У Новосадова было одно переживание молодости: первую мировую войну он провел в австрийском плену и чуть было не погиб в лагере для военнопленных. Оттуда спас его немецкий благодетель, инженер, и взял работать на завод в Вене. От пребывания в Вене остались у Григория Ивановича крохи немецкого, и очень хорошие воспоминания, с которыми он не таился. Это его и погубило. Со мной он тоже пробовал говорить по-немецки и вспоминать императорско-королевскую Вену.
Кроме того, он беспощадно шпынял меня, считая человеком пропащим и негодным, и, как сказано, не давал стоять у печки.

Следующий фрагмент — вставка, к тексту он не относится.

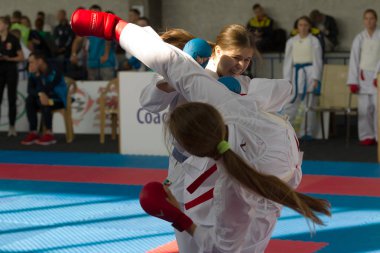 Odessa, Ukrayna - 30 Eylül 2019: Sporcuların çocukları arasında Karate Şampiyonası. En iyi karate dövüşçüleri müstehcenlikle savaşma yeteneklerini gösterirler. Genç karate öğrencileri savaşı
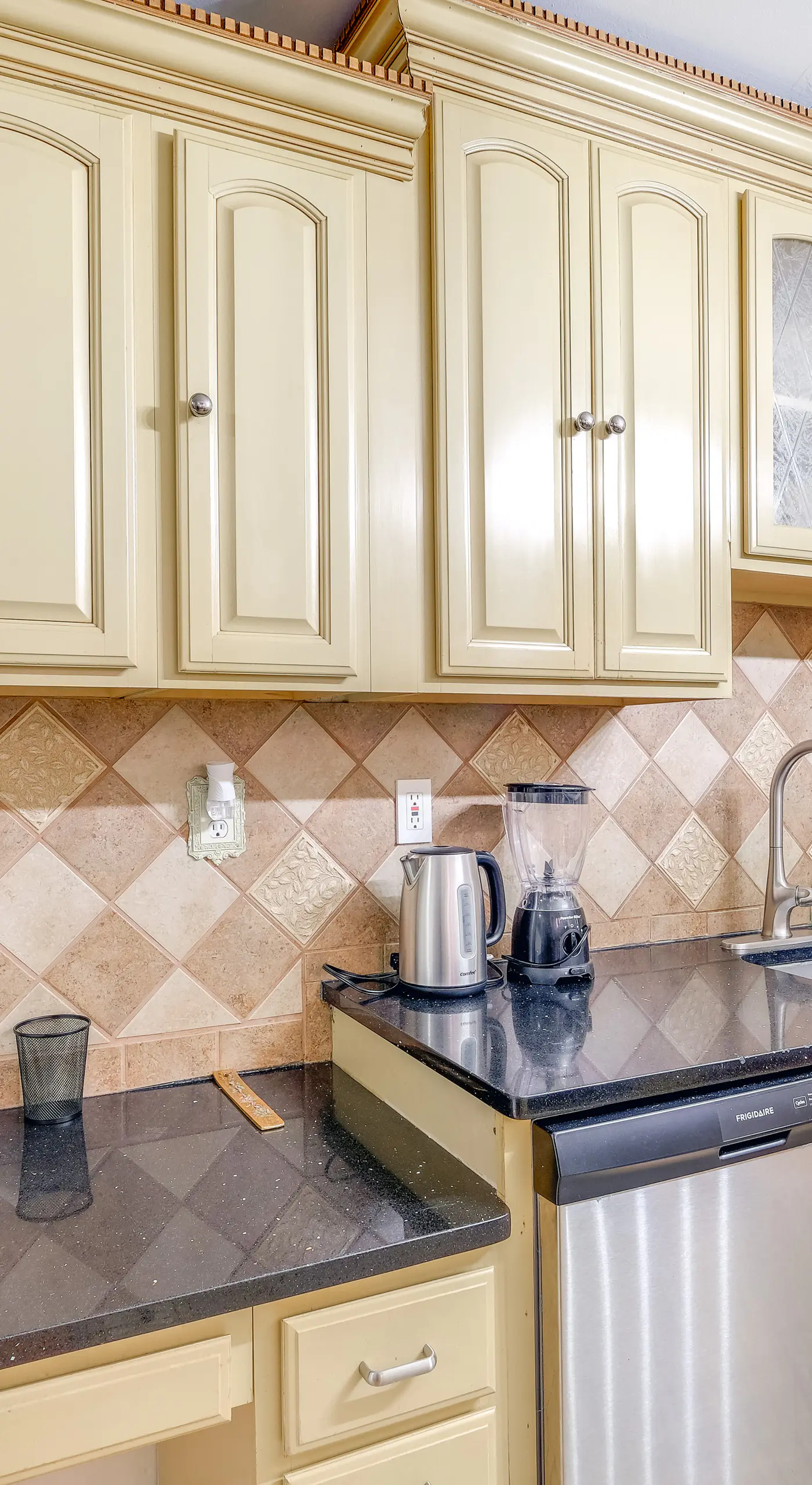 1 Mi to Dtwn: Townhome w/ Patio in Baltimore!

Однако, когда с утра в конторе не было для меня работы, и старший бухгалтер Петров ледяным взглядом уставлялся на меня как на вещь, подлежащую ликвидации, именно Новосадов изобретал для меня какую-нибудь работишку, подсовывал что-нибудь для переписки...
Двое сыновей Григория Ивановича были на фронте, дослужились там до чинов и медалей, но никто из них не писал отцу в лагерь, и это наполняло Новосадова горечью и возмущением. - "Отца родного забыли!" говорил он. "Что им отец? карьеру делают! Вместо того чтобы требовать от власти, - да, требовать - чтобы вернули отца, кулаком но столу ударить, молчат как ж...! Погоди, вернусь домой, еще встретимся. выскажу я им, что о них думаю...".
Вся контора ЦТРМ и весь барак АТП точно знали день, когда Григорию Ивановичу полагалось выйти на свободу. У него уже был приготовлен в чемоданчике и костюм на волю: суконные брюки, верхняя рубашка, купленная у польского зе-ка, пиджак и шапка, - все новое, праздничное.